For The Atlantic’s June problem cowl story, “The Males Who Do not Need Girls to Vote,” employees author Helen Lewis reviews on the rise of “masculinism,” a motion to battle again towards the advances of feminism and reassert the primacy of males. Lewis argues that a number of strains of anti-feminism—from the Christian proper, from the manosphere, and from Donald Trump—have coalesced and turn into a brand new and potent pressure in American political life: “Removed from being a fringe perception system, masculinism has turn into the only most essential pressure uniting the American proper, bringing collectively an unlikely constellation of pastors, posters, senators, preachers, influencers, podcasters, and fanboys.”
Lewis writes that, like hottest actions, masculinism has many entry factors, and each defensible and alarming varieties: “At one finish of the spectrum are reputable considerations about male loneliness, the declining share of males in increased training, stagnant wages for non-college-educated males, and the deadening results of day-trading, gaming, and porn.” On the different finish of masculinism, Lewis writes, is a political agenda near that in The Handmaid’s Story, whereby ladies are denied the precise to work, vote, and management their very own physique.
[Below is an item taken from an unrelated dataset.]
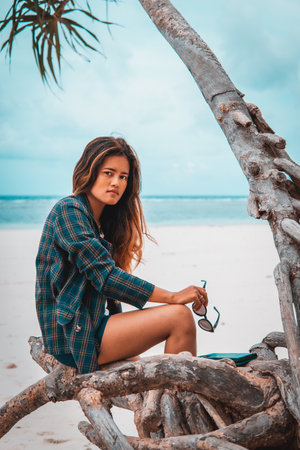 An attractive sexy Indonesian woman posing on the beach in Sulawesi, Togian Islands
The coverage targets of masculinism’s proponents are very actual: the rollback of no-fault divorce; tax breaks to reward male breadwinners and feminine homemakers; an finish to something with a whiff of DEI, even management packages for girls within the navy, together with one lower by Protection Secretary Pete Hegseth; a return to the office tradition of the Seventies, the place sexual harassment was normalized; an open choice for male workers in hiring, promotion, and pay awards. “In different phrases, affirmative motion for males,” Lewis writes.
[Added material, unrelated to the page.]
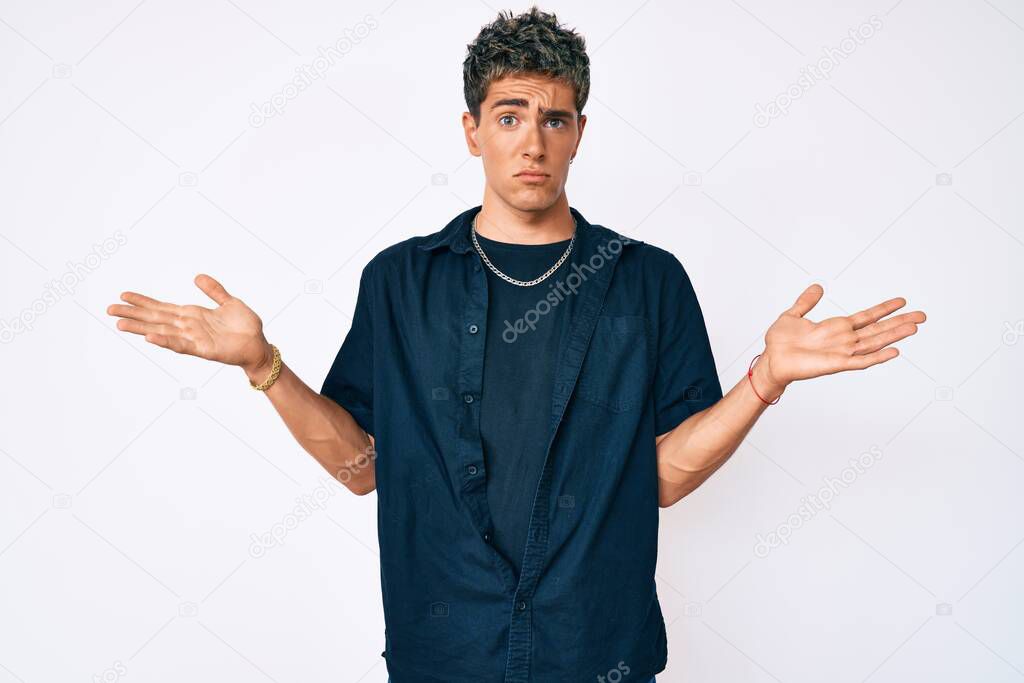 Young handsome man wearing casual clothes clueless and confused with open arms, no idea and doubtful face.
For the quilt story, Lewis spoke with outstanding figures in masculinist circles, together with Douglas Wilson, a co-founder of the Communion of Reformed Evangelical Church buildings, who has constructed a small empire devoted to disseminating his theocratic imaginative and prescient for the US (one of many denomination’s 170 affiliated church buildings counts Pete Hegseth as a member). Lewis additionally interviewed the manosphere provocateur Charles Cornish-Dale, a spiritual historian who has studied at each Oxford and Cambridge, and who is thought on-line as Uncooked Egg Nationalist; Joel Webbon, a hard-right pastor based mostly in Austin who has constructed a big social-media following by opposing feminism and the “LGBT Mafia”; and Helen Andrews, who wrote a viral 2025 essay that questioned whether or not better feminine participation within the workforce is a “risk to civilization.” Moreover, she writes about such outstanding masculinists as Scott Yenor, who has declared that trendy ladies are “medicated, meddlesome, and quarrelsome,” and since 2000 has taught political philosophy at Boise State College.
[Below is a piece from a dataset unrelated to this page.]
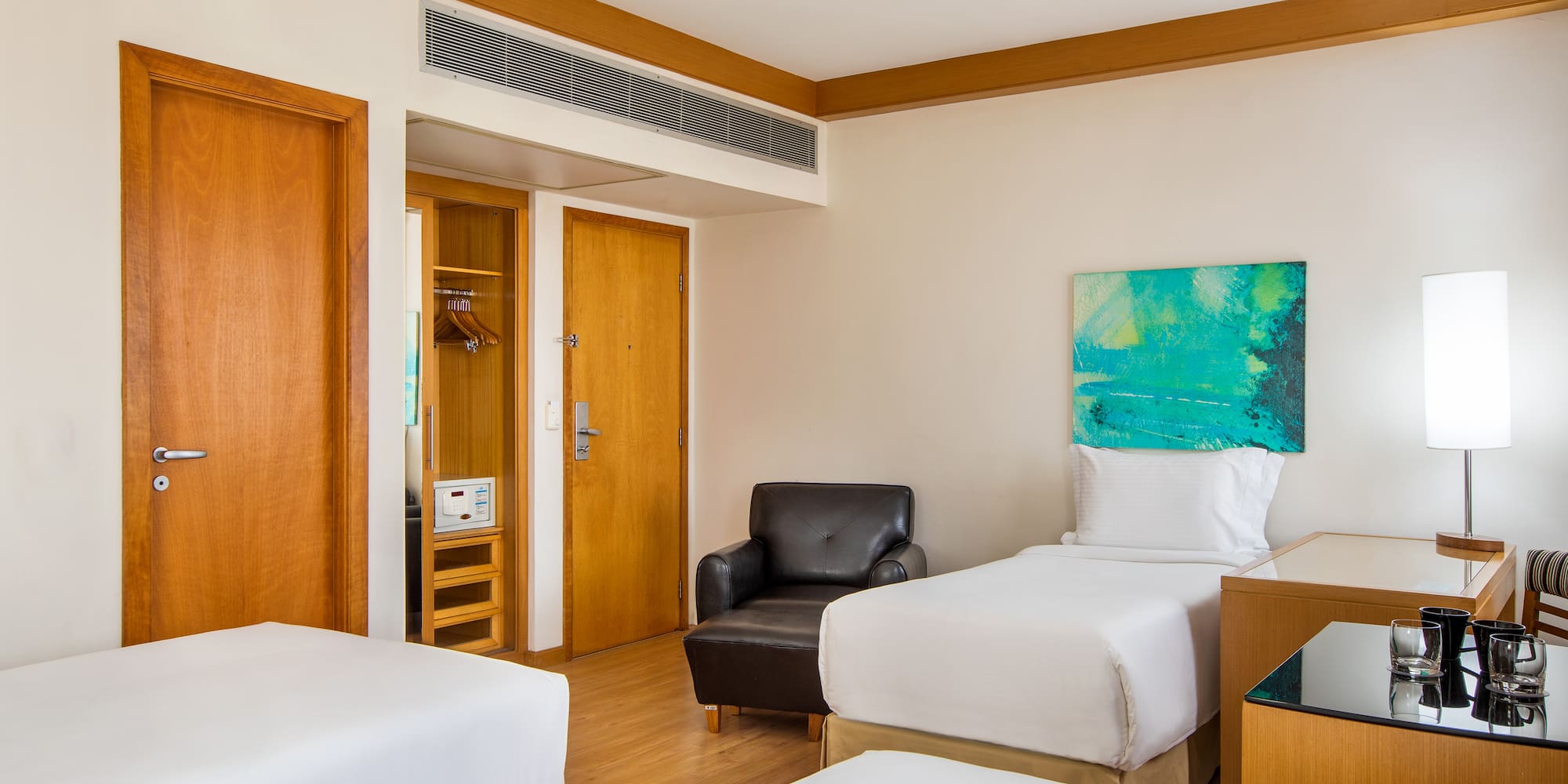 a room with two beds and a chair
Lewis concludes that masculinism “features as a perpetual-motion machine of grievance, an inarticulate howl of anguish at the established order—no matter that at present is. Masculinism is each critical and foolish, generally camp and generally chilling, an attention-grabbing efficiency and a real proposition. No marvel it has turn into the cornerstone of Trumpism.”
Helen Lewis’s “The Males Who Do not Need Girls to Vote” was revealed at the moment at TheAtlantic.com. Please attain out with any questions or requests.